Gold Investors Will Have To Watch Ukraine Closely

Kiev-Ukraine (Aug 16)  The Ukraine-Russia crisis is drawing down. Gold bugs take note.

In some respects, the Ukraine variable appears to be improving, particularly after this mornings Interfax report citing European Union Ambassador to Moscow Vygaudas Usackas repeating word that Brussels is ready to cancel sanctions on Russia if the situation in Eastern Ukraine stabilized.

“When clear results in terms of stabilizing the situation in eastern Ukraine appear…the E.U. will be ready to consider the issue of cancelling the sanctions,” Usackas was quoted saying.

This is no surprise, but the more the market hears this the better.  Back channel dialogue between Russia and counterparts in the E.U., primarily Germany, which is dependent on Russian natural gas imports, have been working on brokering a deal to put an end to civil unrest.  The West believes Russia is fomenting a civil war in order to make the new pro-West Ukrainian government look incompetent.   Russia’s government claims it is not funding pro-Russia separatists in Ukraine, but Washington and Brussels think otherwise.

Moreover, European leaders may be willing to hand Russia the former Ukrainian peninsula of Crimea, which it annexed on March 17 following a vote by the autonomous region to secede from Ukraine.  Such a move would be dependent on Russia’s ability to put a swift end to fighting in Ukraine cities near its border. Washington has said that it was moving in lockstep with Brussels on sanctions and is unlikely to challenge it with regards to Crimea.

The Ukraine-Russia fiasco mostly effects Russian securities. But it also affects gold prices.

When the Interfax headline crossed the news wires at 07:57 EST, it immediately led to a nearly $20 decline in gold from $1310 to $1290.

Usackas’ statement follows growing evidence that E.U. members are concerned about the economic impact sanctions will have on their own economies. Russia recently banned food imports from there.

Hungary’s Prime Minister Victor Orban said last week that the sanctions policy “causes more harm to us than to Russia.”
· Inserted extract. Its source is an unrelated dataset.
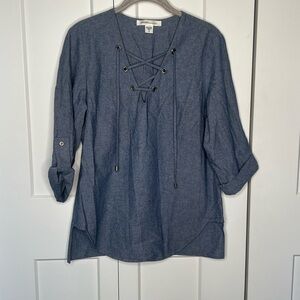 Karen by Karen Kane Roll Tab Lace Neck Denim Like Blouse Women's Size Small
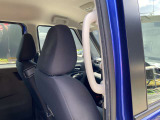 【乗降用グリップ】ルークスは低床フロアで乗降しやすいお車です。が、お子様やご年配の方で乗降しづらい時がある時は、大型で掴みやすいこのグリップをご利用頂くと便利です。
European leaders are trying to persuade countries within their sphere of influence, mainly Turkey and Egypt, to avoid exporting food items to Russia.  Clearly, European agribusiness does not want to lose long term relationships with the Russians. But Russia is already moving on, mainly to Brazil and New Zealand, for animal proteins once supplied by European companies.  After all, Russians still have to eat. The long-term economic effect of existing sanctions are a concern in corporate boardrooms across Europe.

Europe has always been divided into different camps over sanctions, notes a Reuters dispatch from Wednesday. Britain, France, Poland, Sweden and the Baltics are in the hawkish camp, while countries such as Greece, Bulgaria and Austria are more reluctant to sanction.